Protestos estudantis na Sérvia: União Europeia em situação complicada

Os protestos na Sérvia começaram quando 15 pessoas morreram na sequência da queda de um telhado numa estação ferroviária na cidade de Novi Sad. Os manifestantes acusam as autoridades de corrupção e autoritarismo, e, apesar da demissão do primeiro-ministro Miloš Vučević, o movimento, liderado por estudantes, estendeu-se a mais de 200 cidades.
O presidente da Sérvia, Aleksandar Vučić, acusou os estudantes de liderarem uma "tentativa de revolução". Vučić afirma que há "potências estrangeiras" que querem tirá-lo do poder e desestabilizar a Sérvia. Até agora, a UE manteve-se discreta, com a Comissão Europeia a declarar que "apoia o Estado de direito e a liberdade de reunião".
A Sérvia é um país candidato à adesão à UE desde 2012, com as negociações de adesão a terem início em 2014. A UE é o maior parceiro comercial da Sérvia, o maior investidor e o maior prestador de assistência financeira ao país, e já reservou mais 1.586,00 mil milhões de euros em subvenções não reembolsáveis e empréstimos favoráveis para quando a Sérvia levar a cabo mais reformas nos setores empresarial, ambiental e digital, bem como no Estado de direito.
Os jovens exigem menos corrupção e mais democracia, transparência, justiça, fraternidade e responsabilidade, e sentem-se desconfiados em relação às instituições políticas do país.
"Quando se trata de eleições, muitas pessoas já nem sequer confiam nelas. Só espero que alguma coisa mude em breve, porque se não mudar, vamos afundar-nos cada vez mais e ficar cada vez mais longe da democracia", diz Lena, uma estudante de 20 anos de Engenharia Elétrica.

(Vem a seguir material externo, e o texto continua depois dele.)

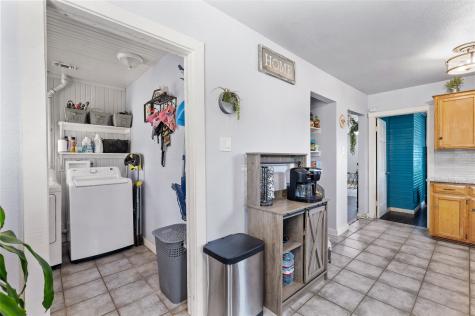 1531 W Main Street Denison TX 75020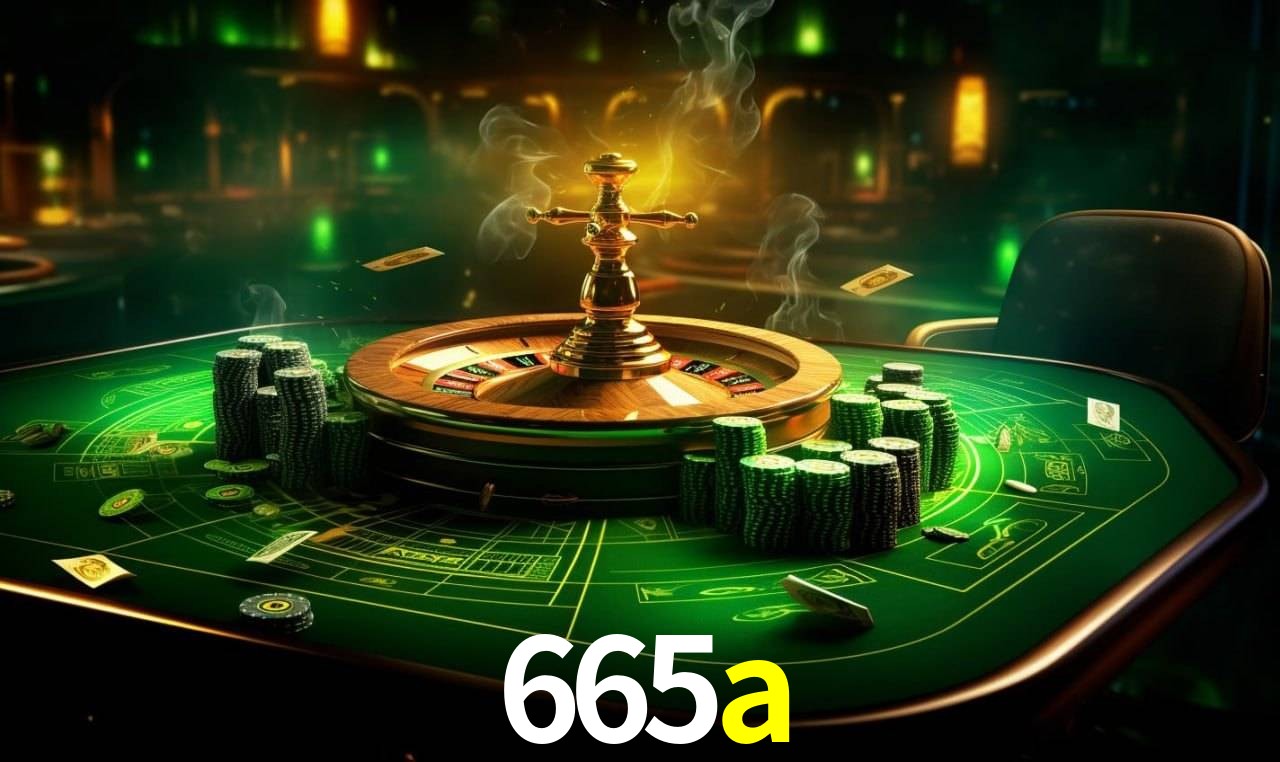 Jogo Aviator 665a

Participou num grande protesto em Niš, a terceira maior cidade da Sérvia, com os seus amigos Staša e Dimitrije. "Poucas pessoas encaram um país como algo que é necessário construir em conjunto, como algo em que todos temos de investir e com o qual todos temos de nos preocupar. (Para muitas pessoas) é apenas algo a que podem tirar dinheiro. Penso que o que estamos a fazer aqui é, moralmente, a coisa certa a fazer neste momento".
Os estudantes exigem também um sistema judicial independente e a igualdade de direitos, e não se aliaram a nenhum partido político ou ideologia. Recusam-se também a dizer os seus apelidos porque acreditam que a vida pessoal não é relevante para a situação.

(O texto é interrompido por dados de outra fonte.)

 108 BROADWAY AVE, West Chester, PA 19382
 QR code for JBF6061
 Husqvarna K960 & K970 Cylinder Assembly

"Gosto de viver segundo os meus valores de honestidade e responsabilidade. Mas para que as minhas ações sejam dignas e tenham efeito, penso que, enquanto coletivo, todos devemos respeitá-las", afirma Staša, também estudante de Engenharia Elétrica. “E aqueles que lideram o país e o nosso povo devem ser os primeiros a dar o exemplo. Queremos que o nosso conhecimento seja valorizado e que o nosso trabalho árduo seja apreciado. Queremos ser julgados não pelas nossas opiniões políticas, mas pelo que somos e pelo que fazemos".
Apesar de os jovens sérvios se terem mobilizado em prol da justiça e da luta contra a corrupção, para muitos deles a UE não é uma realidade palpável, devido ao atraso no processo de adesão. Alguns sentem também que a resposta da UE à perceção da erosão democrática tem sido fraca, o que alimenta um euroceticismo já latente nas gerações mais jovens, afirma Dragana Djurica, especialista na relação entre a Sérvia e a UE e secretária-geral do Movimento Europeu na Sérvia (EMinS).

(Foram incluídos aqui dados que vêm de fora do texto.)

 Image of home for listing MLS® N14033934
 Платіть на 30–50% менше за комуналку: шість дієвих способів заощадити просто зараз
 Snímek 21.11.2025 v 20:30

"A geração com idades compreendidas entre os 45 e os 60 anos é maioritariamente a favor da integração na UE, ao passo que a geração mais jovem mostra indiferença, descrença e desinteresse em tornar-se membro da UE", afirma Djurica. "A geração dos 45 aos 60 anos tinha a idade dos jovens de hoje durante os anos 90. Estas pessoas lembram-se muito bem dos tempos de isolamento, dos tempos de sanções, dos tempos de conflitos na região, e não querem que isso volte a acontecer".
Segundo Djurica, é fundamental que a UE se empenhe mais na educação, nos intercâmbios culturais e no financiamento para cativar os jovens sérvios, cansados do longo processo de adesão, agora alvo de campanhas de desinformação. "Existe uma combinação de várias questões que está a fazer com que os cidadãos não saibam aquilo que a UE representa, o que a UE oferece e quais são as obrigações da Sérvia neste contexto do processo de integração europeia", afirma Djurica. "Esperamos que a UE assuma uma posição mais firme na defesa dos valores fundamentais que representa e que os comunique corretamente aos cidadãos para que esta geração não perca o interesse nela".
Os estudantes prometeram continuar a mobilização até que o país adote um sistema "que valorize o conhecimento e o trabalho, e não a obediência e o silêncio".